Park Hotels & Resorts Sells 3 Assets for $166M

The disposition of the 1,098-key portfolio helps the hospitality REIT curb leverage ahead of its $2.7 billion merger with Chesapeake Lodging Trust.

Hilton Atlanta Airport. Image via Google Street View

Park Hotels & Resorts has closed on the sale of three Hilton hotels totaling 1,098 keys in Atlanta, New Orleans and New Jersey for a total of $166 million, as the NYSE-listed REIT prepares to acquire Chesapeake Lodging Trust. The move is designed to reduce leverage ahead of the proposed $2.7 billion merger of the two REITs, first announced in May.

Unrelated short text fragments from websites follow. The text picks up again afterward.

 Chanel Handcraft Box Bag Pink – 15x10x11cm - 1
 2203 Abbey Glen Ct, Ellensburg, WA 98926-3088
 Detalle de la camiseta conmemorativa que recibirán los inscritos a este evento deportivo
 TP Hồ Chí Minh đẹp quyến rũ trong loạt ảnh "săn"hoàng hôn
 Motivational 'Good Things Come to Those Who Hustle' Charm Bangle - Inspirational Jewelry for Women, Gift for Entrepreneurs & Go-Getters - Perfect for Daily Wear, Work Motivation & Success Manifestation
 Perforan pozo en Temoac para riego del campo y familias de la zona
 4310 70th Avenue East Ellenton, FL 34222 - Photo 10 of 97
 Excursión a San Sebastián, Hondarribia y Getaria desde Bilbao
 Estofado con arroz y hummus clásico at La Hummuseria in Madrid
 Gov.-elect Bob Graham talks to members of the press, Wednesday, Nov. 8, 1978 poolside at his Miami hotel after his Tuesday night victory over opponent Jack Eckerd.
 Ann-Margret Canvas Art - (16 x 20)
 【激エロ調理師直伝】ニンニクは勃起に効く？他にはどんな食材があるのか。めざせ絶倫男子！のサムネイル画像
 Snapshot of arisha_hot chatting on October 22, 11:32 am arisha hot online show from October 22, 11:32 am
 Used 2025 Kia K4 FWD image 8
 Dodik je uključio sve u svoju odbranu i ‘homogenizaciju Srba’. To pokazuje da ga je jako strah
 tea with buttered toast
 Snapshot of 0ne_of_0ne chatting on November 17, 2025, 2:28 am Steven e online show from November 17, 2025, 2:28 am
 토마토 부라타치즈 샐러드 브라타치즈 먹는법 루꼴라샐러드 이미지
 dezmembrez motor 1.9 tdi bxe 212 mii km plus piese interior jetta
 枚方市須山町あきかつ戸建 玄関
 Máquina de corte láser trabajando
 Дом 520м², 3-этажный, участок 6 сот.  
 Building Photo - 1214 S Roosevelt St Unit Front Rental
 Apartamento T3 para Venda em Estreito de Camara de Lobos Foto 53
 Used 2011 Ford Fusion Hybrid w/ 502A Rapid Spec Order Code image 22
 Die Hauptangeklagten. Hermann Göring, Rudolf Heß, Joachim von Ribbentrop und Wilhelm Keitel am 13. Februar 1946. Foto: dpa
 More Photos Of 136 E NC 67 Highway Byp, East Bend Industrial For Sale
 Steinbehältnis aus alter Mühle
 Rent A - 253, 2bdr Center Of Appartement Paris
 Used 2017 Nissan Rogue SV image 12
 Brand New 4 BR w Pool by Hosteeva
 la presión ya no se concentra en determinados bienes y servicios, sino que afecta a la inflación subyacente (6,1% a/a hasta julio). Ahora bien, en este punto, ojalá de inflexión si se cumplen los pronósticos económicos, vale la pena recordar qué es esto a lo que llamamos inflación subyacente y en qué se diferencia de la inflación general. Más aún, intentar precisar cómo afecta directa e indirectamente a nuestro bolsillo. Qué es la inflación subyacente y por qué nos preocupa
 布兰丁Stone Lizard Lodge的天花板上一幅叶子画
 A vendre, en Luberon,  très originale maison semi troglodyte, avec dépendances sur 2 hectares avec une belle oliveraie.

The sales were already in contract when the merger was announced. The assets consist of the 507-key Hilton Atlanta Airport, the 317-key Hilton New Orleans Airport and the 274-key Embassy Suites Parsippany in Parsippany, N.J. The airport and suburban properties, which Park deems non-core assets, have a combined 2018 RevPAR—revenue per available room—of $109, or about 37 percent below the REIT’s 2018 portfolio average. Park anticipates a 6.9 percent capitalization rate on the three hotels’ 2018 net operating income through the transaction, according to a prepared statement.

Located at 1031 Virginia Ave. in Hapeville, Ga., Hilton Atlanta Airport was built in 1989 and renovated in 2012, according to Travel Weekly. The 17-story hotel neighbors the Hartsfield-Jackson International Airport. The six-floor Hilton New Orleans Airport, sited at 901 Airline Drive in Kenner, La., was built in 1989 and renovated last year. The property is across the road from the Louis Armstrong New Orleans International Airport.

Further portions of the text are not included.